- [Material for the task]

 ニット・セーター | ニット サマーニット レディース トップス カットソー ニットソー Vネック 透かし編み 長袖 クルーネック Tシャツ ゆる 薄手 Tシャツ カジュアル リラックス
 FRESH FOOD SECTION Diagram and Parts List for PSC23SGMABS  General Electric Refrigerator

--

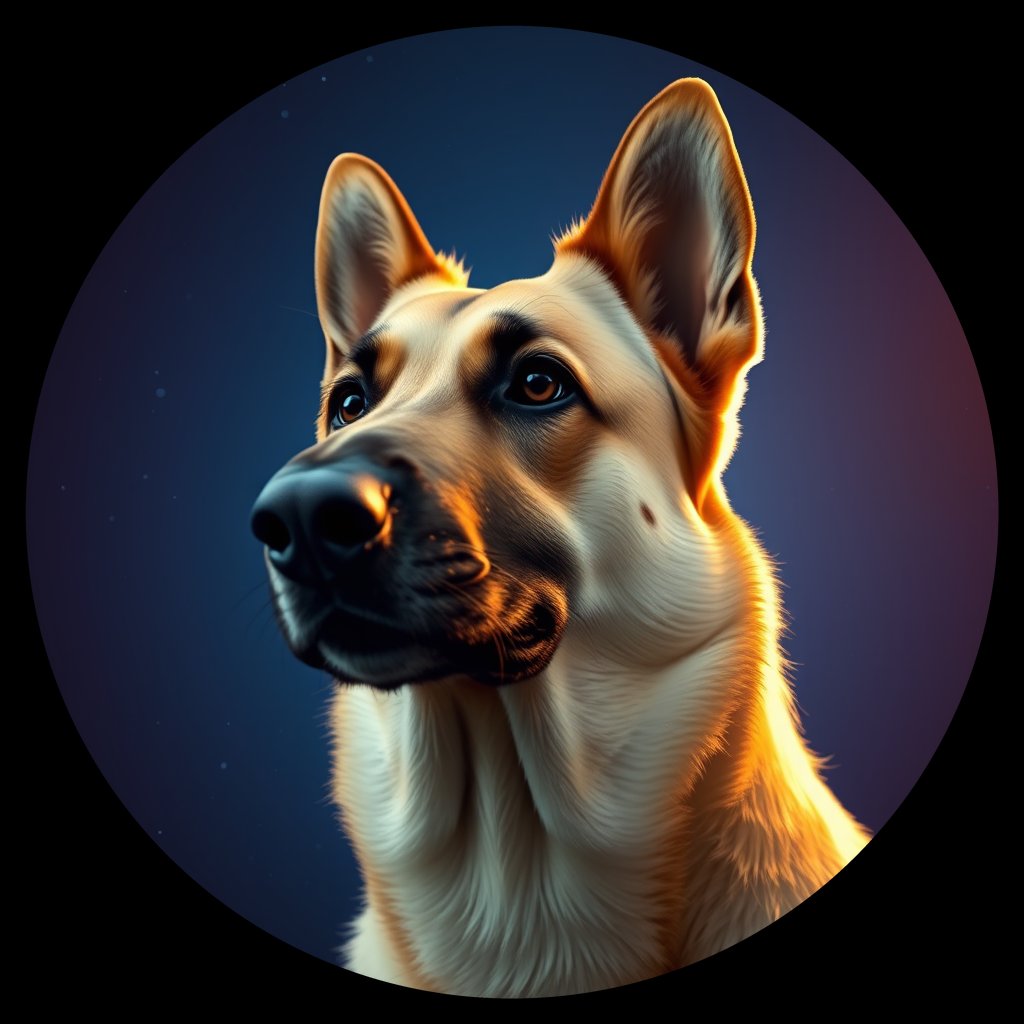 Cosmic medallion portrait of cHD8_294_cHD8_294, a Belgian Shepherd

- [Task goal]
Using the records above, write out exactly the lines between the one holding "ニット・セーター | ニット" and the one holding "FRESH FOOD SECTION", inclusive; leave everything else out.

- [Solution]
 ニット・セーター | ニット サマーニット レディース トップス カットソー ニットソー Vネック 透かし編み 長袖 クルーネック Tシャツ ゆる 薄手 Tシャツ カジュアル リラックス
 FRESH FOOD SECTION Diagram and Parts List for PSC23SGMABS  General Electric Refrigerator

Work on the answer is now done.